6. Il ressort des pièces du dossier que M. B...a bénéficié d'un interprète au téléphone par l'intermédiaire de l'association " Inter Service Migrants " tant lors de son entretien individuel le 14 avril 2017, que lors de la notification de l'arrêté attaqué. S'il prétend que la réception téléphonique était de mauvaise qualité et qu'il n'a ainsi pas été en mesure de comprendre correctement l'interprète, il ressort cependant du résumé de l'entretien individuel qu'il a déclaré avoir compris les informations reçues concernant le déroulé de la procédure Dublin. En outre, le requérant s'est vu remettre, lors de l'introduction de sa demande d'asile, le guide du demandeur d'asile et la brochure prévue au paragraphe 3 de l'article 4 du règlement contenant les informations mentionnées au paragraphe 1 de cet article, notamment le guide du demandeur d'asile et les brochures " J'ai demandé l'asile dans l'Union européenne - quel pays sera responsable de l'analyse de ma demande ' " (A) et " Je suis sous procédure Dublin - qu'est-ce que cela signifie ' " (B). Il ressort également des pièces du dossier qu'une copie du résumé de cet entretien individuel lui a été remise. Si le requérant soutient que cet entretien individuel n'aurait pas été conduit par une personne qualifiée au sens des dispositions précitées, il n'assortit cependant ce moyen d'aucune précision de nature à établir qu'il aurait été privé de la garantie tendant à la confidentialité de cet entretien. Enfin, et contrairement à ce que soutient M.B..., les raisons pour lesquelles ses empreintes devaient être traitées par Eurodac lui ont été indiquées. Par suite, les moyens tirés de la méconnaissance des articles 4, 5 et 29 du règlement 604/2013 du 26 juin 2013 doivent être écartés.

7. En quatrième lieu, il résulte de la jurisprudence de la Cour de justice de l'Union européenne que le droit d'être entendu fait partie intégrante du respect des droits de la défense, principe général du droit de l'Union.

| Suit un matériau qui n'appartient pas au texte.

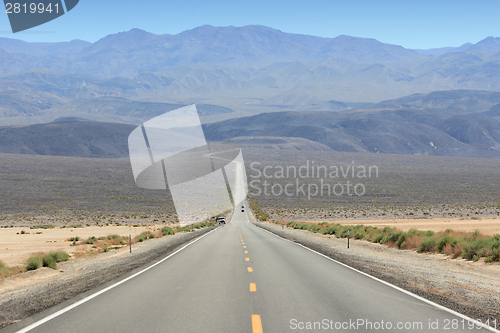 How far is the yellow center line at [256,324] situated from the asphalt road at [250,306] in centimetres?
2

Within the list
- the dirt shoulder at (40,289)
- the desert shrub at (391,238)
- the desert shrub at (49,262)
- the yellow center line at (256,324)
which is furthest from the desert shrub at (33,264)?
the desert shrub at (391,238)

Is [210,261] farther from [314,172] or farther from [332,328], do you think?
[314,172]

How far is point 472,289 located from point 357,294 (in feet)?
10.8

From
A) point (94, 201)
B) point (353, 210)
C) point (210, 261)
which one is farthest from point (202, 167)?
point (210, 261)

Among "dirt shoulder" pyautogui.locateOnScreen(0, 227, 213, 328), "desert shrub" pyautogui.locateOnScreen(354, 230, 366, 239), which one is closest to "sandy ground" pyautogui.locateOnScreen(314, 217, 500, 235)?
"desert shrub" pyautogui.locateOnScreen(354, 230, 366, 239)

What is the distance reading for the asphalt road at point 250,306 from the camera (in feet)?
23.9

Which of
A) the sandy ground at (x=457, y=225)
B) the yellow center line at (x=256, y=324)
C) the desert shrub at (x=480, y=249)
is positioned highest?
the yellow center line at (x=256, y=324)

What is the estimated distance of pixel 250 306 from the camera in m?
8.71

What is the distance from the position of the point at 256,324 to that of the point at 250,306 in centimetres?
136

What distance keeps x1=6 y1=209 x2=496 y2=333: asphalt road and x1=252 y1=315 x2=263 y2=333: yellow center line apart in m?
0.02

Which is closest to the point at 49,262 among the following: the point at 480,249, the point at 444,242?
the point at 480,249

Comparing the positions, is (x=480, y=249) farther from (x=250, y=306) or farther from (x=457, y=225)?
(x=457, y=225)

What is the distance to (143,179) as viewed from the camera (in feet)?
364

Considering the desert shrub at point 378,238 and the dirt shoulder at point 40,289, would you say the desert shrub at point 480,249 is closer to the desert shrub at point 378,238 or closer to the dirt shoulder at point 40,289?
the desert shrub at point 378,238
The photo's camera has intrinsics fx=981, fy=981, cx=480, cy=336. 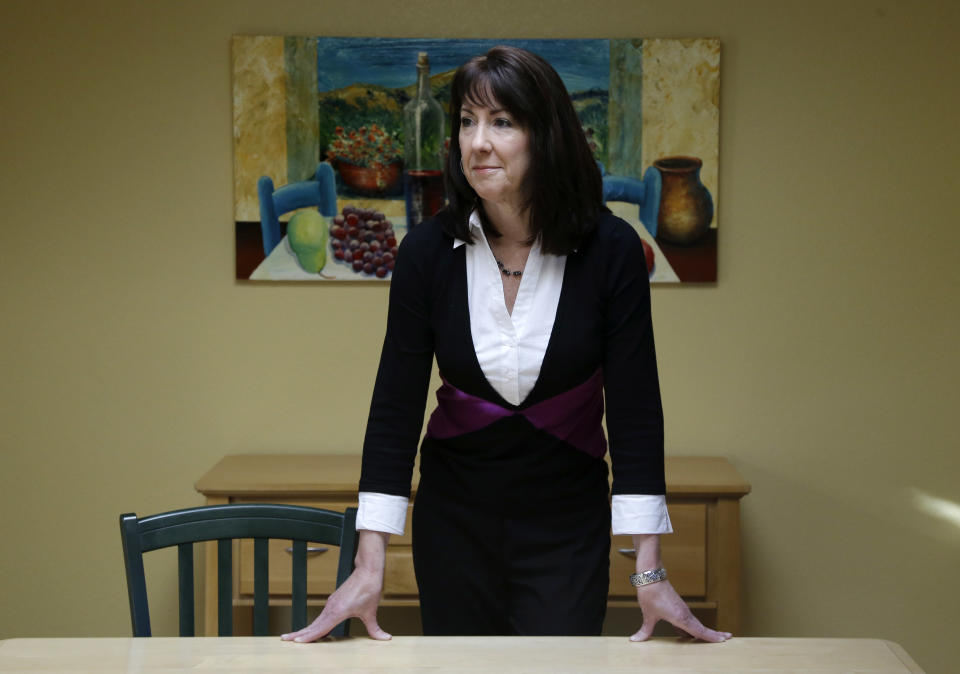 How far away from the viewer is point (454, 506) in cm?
174

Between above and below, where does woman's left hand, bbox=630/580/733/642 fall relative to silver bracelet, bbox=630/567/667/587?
below

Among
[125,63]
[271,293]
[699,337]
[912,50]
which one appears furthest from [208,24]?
[912,50]

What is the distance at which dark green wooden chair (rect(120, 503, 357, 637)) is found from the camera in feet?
5.51

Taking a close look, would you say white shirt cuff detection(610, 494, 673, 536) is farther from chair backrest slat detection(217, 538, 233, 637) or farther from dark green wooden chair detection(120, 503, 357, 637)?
chair backrest slat detection(217, 538, 233, 637)

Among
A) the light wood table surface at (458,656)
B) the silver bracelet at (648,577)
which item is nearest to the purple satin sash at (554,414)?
the silver bracelet at (648,577)

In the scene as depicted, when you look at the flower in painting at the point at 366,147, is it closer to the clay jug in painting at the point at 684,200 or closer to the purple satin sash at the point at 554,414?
the clay jug in painting at the point at 684,200

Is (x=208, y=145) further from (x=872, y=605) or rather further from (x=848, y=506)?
(x=872, y=605)

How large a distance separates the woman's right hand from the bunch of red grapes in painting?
4.98 feet

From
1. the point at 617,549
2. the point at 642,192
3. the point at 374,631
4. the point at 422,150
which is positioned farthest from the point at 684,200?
the point at 374,631

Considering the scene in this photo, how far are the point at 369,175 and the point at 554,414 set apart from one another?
1.51 m

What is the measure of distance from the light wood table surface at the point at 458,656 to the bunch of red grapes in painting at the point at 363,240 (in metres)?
1.73

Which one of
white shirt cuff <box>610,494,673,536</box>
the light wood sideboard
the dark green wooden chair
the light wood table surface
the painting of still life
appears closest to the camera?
the light wood table surface

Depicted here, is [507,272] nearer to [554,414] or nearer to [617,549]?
[554,414]

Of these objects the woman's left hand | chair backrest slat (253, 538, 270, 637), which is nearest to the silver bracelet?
the woman's left hand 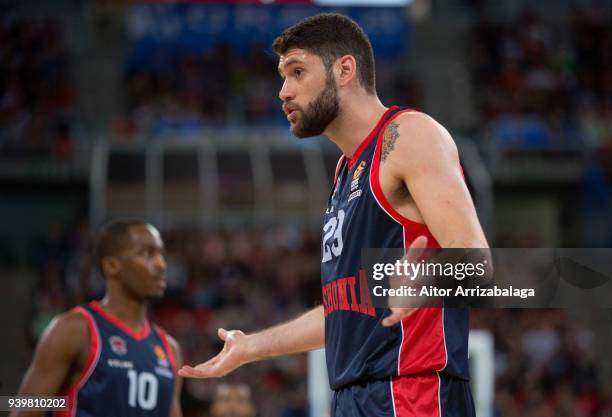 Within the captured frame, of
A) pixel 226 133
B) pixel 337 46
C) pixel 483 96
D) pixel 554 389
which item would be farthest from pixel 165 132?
pixel 337 46

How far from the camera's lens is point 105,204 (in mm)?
16297

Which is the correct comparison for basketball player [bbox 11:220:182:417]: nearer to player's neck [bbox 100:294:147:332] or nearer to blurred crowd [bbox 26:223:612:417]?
player's neck [bbox 100:294:147:332]

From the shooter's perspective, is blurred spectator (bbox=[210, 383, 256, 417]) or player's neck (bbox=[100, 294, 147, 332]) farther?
blurred spectator (bbox=[210, 383, 256, 417])

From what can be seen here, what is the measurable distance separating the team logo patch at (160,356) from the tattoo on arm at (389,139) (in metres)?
2.71

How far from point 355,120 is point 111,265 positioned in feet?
8.78

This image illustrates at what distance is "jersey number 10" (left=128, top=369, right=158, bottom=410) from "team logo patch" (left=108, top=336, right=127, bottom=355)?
13cm

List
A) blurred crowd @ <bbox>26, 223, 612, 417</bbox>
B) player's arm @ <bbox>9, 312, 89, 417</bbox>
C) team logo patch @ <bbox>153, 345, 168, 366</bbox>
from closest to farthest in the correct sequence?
1. player's arm @ <bbox>9, 312, 89, 417</bbox>
2. team logo patch @ <bbox>153, 345, 168, 366</bbox>
3. blurred crowd @ <bbox>26, 223, 612, 417</bbox>

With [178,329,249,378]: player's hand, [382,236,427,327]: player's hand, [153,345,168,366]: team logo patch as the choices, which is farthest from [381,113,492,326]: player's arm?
[153,345,168,366]: team logo patch

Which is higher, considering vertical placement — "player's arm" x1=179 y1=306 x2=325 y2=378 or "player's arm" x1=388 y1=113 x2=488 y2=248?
"player's arm" x1=388 y1=113 x2=488 y2=248

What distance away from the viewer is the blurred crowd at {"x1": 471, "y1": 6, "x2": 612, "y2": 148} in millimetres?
19125

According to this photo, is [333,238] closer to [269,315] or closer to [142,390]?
[142,390]

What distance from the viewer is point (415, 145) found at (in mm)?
3393

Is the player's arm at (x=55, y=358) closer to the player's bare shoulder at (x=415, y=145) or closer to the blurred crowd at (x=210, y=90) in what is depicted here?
the player's bare shoulder at (x=415, y=145)

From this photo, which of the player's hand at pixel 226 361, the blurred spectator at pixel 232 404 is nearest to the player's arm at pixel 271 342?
the player's hand at pixel 226 361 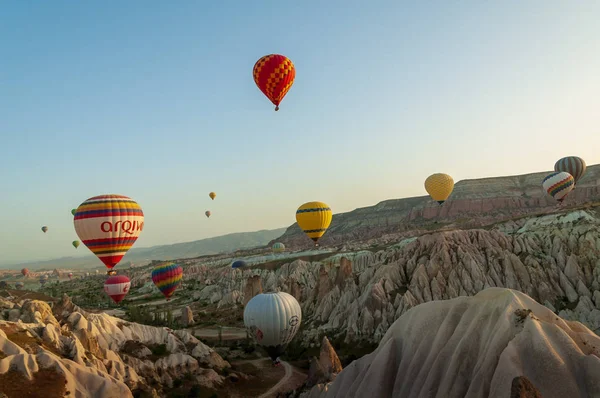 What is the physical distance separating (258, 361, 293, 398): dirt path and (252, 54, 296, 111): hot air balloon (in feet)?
94.7

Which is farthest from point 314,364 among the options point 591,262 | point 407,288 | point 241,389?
point 591,262

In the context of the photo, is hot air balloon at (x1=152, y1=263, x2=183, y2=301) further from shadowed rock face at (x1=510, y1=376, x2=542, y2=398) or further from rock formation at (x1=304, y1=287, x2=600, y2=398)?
shadowed rock face at (x1=510, y1=376, x2=542, y2=398)

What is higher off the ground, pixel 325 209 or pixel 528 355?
pixel 325 209

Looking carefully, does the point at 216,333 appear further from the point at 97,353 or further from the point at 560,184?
the point at 560,184

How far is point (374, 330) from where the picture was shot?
147 feet

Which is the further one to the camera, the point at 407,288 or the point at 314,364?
the point at 407,288

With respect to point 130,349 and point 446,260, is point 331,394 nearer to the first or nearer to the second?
point 130,349

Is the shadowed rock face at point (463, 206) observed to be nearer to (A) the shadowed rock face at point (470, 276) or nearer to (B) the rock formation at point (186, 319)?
(A) the shadowed rock face at point (470, 276)

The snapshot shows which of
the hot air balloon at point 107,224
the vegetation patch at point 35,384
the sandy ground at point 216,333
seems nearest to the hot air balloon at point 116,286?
the sandy ground at point 216,333

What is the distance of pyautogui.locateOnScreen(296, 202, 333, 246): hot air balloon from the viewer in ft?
195

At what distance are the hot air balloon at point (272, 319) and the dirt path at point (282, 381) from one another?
2875 mm

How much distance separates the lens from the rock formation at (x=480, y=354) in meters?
12.0

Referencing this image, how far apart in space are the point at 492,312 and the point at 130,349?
98.5ft

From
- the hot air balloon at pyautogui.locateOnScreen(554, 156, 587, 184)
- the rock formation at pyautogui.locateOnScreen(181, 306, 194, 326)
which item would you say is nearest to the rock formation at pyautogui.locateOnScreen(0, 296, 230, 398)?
the rock formation at pyautogui.locateOnScreen(181, 306, 194, 326) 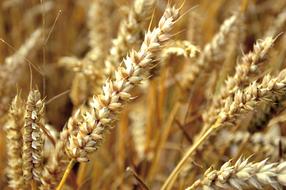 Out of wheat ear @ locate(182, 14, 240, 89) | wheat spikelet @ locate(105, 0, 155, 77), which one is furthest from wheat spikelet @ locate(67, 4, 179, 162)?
wheat ear @ locate(182, 14, 240, 89)

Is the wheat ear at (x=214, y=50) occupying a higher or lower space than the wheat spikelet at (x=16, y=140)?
lower

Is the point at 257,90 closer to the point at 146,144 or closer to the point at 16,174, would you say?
the point at 16,174

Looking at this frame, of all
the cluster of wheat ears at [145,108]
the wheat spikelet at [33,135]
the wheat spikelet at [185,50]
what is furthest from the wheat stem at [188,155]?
the wheat spikelet at [33,135]

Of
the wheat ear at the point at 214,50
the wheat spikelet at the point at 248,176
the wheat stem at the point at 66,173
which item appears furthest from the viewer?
the wheat ear at the point at 214,50

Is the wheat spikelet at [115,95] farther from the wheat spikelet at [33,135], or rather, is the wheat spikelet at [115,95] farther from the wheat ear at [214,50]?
the wheat ear at [214,50]

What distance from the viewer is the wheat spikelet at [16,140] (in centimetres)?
90

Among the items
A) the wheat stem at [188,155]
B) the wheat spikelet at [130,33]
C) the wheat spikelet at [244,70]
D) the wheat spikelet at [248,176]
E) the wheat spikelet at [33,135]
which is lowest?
the wheat spikelet at [248,176]

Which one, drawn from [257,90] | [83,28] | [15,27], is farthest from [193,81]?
[83,28]

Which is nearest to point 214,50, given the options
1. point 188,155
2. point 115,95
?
point 188,155

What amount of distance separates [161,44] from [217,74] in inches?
24.3

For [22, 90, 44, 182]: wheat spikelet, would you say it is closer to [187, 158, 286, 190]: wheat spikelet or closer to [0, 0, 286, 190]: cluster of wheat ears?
[0, 0, 286, 190]: cluster of wheat ears

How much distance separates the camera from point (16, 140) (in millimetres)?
900

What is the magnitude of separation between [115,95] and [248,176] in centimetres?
25

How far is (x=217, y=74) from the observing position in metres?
1.38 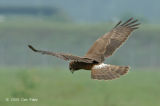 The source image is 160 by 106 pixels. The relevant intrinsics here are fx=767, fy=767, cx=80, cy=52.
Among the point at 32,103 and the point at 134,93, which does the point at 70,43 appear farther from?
the point at 32,103

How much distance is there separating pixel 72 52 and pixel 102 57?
17182 mm

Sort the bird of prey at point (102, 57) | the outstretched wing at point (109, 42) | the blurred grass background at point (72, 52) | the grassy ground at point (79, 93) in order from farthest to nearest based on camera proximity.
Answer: the blurred grass background at point (72, 52), the grassy ground at point (79, 93), the outstretched wing at point (109, 42), the bird of prey at point (102, 57)

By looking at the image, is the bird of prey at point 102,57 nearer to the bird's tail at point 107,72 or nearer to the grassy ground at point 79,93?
the bird's tail at point 107,72

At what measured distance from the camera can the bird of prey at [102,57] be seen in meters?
9.70

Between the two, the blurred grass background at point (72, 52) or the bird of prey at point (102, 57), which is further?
the blurred grass background at point (72, 52)

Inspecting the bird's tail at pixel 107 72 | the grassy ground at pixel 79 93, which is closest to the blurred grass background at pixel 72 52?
the grassy ground at pixel 79 93

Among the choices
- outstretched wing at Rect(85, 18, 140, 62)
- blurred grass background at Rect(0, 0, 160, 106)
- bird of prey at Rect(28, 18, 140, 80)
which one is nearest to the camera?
bird of prey at Rect(28, 18, 140, 80)

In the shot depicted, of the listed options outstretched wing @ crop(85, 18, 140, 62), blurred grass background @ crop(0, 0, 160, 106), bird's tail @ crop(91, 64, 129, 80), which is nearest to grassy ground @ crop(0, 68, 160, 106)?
blurred grass background @ crop(0, 0, 160, 106)

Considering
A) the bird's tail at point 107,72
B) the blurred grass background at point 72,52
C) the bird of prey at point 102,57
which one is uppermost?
the blurred grass background at point 72,52

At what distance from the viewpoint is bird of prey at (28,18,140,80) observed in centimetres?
970

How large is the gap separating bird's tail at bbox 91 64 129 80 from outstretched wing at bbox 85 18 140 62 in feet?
1.06

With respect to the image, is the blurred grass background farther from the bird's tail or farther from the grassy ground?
the bird's tail

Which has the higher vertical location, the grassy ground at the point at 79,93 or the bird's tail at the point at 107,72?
the grassy ground at the point at 79,93

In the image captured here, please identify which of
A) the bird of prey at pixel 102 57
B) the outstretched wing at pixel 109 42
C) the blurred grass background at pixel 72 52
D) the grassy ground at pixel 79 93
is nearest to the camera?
the bird of prey at pixel 102 57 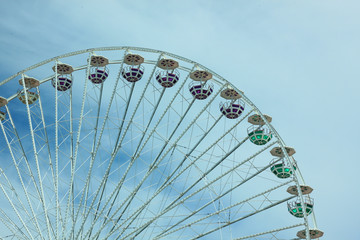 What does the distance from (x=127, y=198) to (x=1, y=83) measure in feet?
37.0

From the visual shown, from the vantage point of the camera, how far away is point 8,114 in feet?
105

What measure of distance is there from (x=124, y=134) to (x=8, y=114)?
8657 millimetres

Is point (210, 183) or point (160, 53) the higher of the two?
point (160, 53)

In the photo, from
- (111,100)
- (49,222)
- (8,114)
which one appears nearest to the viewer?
(49,222)

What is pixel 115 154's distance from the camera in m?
29.1

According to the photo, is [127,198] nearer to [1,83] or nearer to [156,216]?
[156,216]

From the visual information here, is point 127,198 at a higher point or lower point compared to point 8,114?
lower

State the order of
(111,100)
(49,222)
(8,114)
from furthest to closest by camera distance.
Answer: (8,114) → (111,100) → (49,222)

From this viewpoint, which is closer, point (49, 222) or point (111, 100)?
point (49, 222)

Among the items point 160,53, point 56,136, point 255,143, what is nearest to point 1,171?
point 56,136

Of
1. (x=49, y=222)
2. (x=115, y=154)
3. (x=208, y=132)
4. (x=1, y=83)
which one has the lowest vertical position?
(x=49, y=222)

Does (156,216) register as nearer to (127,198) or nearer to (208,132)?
(127,198)

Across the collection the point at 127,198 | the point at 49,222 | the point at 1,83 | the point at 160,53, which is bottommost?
the point at 49,222

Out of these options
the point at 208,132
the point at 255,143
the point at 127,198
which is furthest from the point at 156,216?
the point at 255,143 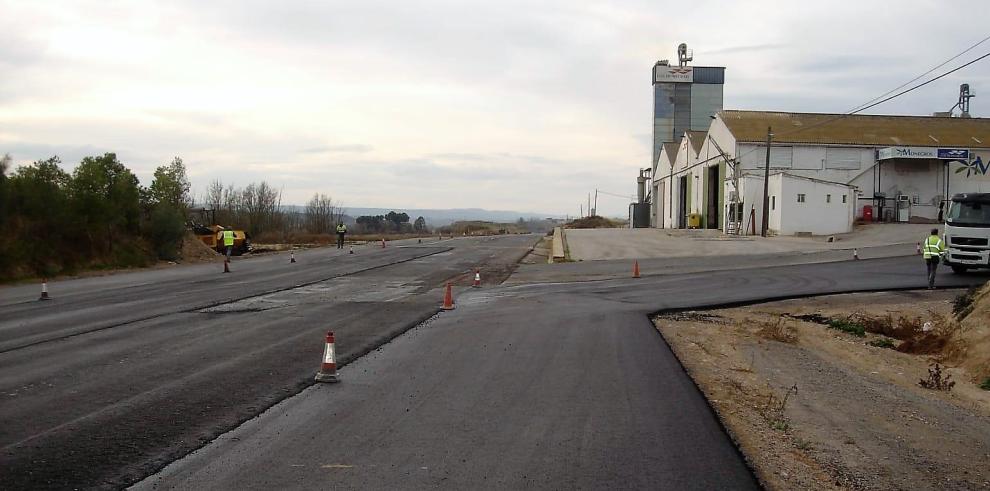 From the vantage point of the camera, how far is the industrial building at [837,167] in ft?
161

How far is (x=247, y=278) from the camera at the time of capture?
27.4m

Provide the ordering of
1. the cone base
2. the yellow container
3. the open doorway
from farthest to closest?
the yellow container < the open doorway < the cone base

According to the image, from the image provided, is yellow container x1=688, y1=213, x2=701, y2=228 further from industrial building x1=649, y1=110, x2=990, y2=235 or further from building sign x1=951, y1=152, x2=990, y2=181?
building sign x1=951, y1=152, x2=990, y2=181

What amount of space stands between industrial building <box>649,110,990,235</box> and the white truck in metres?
22.6

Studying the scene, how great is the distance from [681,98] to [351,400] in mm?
93737

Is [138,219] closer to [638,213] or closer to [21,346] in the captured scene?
[21,346]

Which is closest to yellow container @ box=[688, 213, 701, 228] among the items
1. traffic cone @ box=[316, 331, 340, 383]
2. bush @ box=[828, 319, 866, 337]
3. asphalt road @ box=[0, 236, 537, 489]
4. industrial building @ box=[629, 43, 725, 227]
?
industrial building @ box=[629, 43, 725, 227]

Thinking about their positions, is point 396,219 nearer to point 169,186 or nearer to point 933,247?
point 169,186

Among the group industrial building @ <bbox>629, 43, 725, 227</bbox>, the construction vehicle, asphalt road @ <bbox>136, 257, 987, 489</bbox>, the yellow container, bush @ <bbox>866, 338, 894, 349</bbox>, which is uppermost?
industrial building @ <bbox>629, 43, 725, 227</bbox>

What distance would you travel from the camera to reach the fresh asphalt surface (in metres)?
6.02

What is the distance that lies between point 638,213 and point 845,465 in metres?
94.0

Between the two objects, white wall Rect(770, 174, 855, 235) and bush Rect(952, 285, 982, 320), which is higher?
white wall Rect(770, 174, 855, 235)

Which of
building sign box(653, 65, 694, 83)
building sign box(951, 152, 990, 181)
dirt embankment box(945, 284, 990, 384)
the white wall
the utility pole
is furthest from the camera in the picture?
building sign box(653, 65, 694, 83)

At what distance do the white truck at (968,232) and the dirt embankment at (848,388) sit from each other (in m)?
5.77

Il appartient aux Etats membres, dans le cadre de leur autonomie procédurale, de déterminer les conditions dans lesquelles le respect de ce droit est assuré. Ce droit implique ainsi que l'autorité préfectorale, avant de prendre à l'encontre d'un étranger une décision de remise aux autorités compétentes d'un autre Etat membre de l'Union européenne, sur le fondement des dispositions de l'article 18 du règlement du 26 juin 2013, mette l'intéressé à même de présenter ses observations écrites et lui permette, sur sa demande, de faire valoir des observations orales, de telle sorte qu'il puisse faire connaître, de manière utile et effective, son point de vue sur la mesure envisagée avant qu'elle n'intervienne.

8. Il ressort des pièces du dossier que M. B...a pu présenter ses observations antérieurement à l'édiction de l'arrêté en litige, et en particulier lors de l'entretien qui s'est tenu le 14 avril 2017. Ses observations ont d'ailleurs été consignées dans le compte-rendu d'entretien qu'il a signé le même jour. Dans ces conditions, le moyen tiré de ce que M. B...aurait été privé du droit d'être entendu manque en fait.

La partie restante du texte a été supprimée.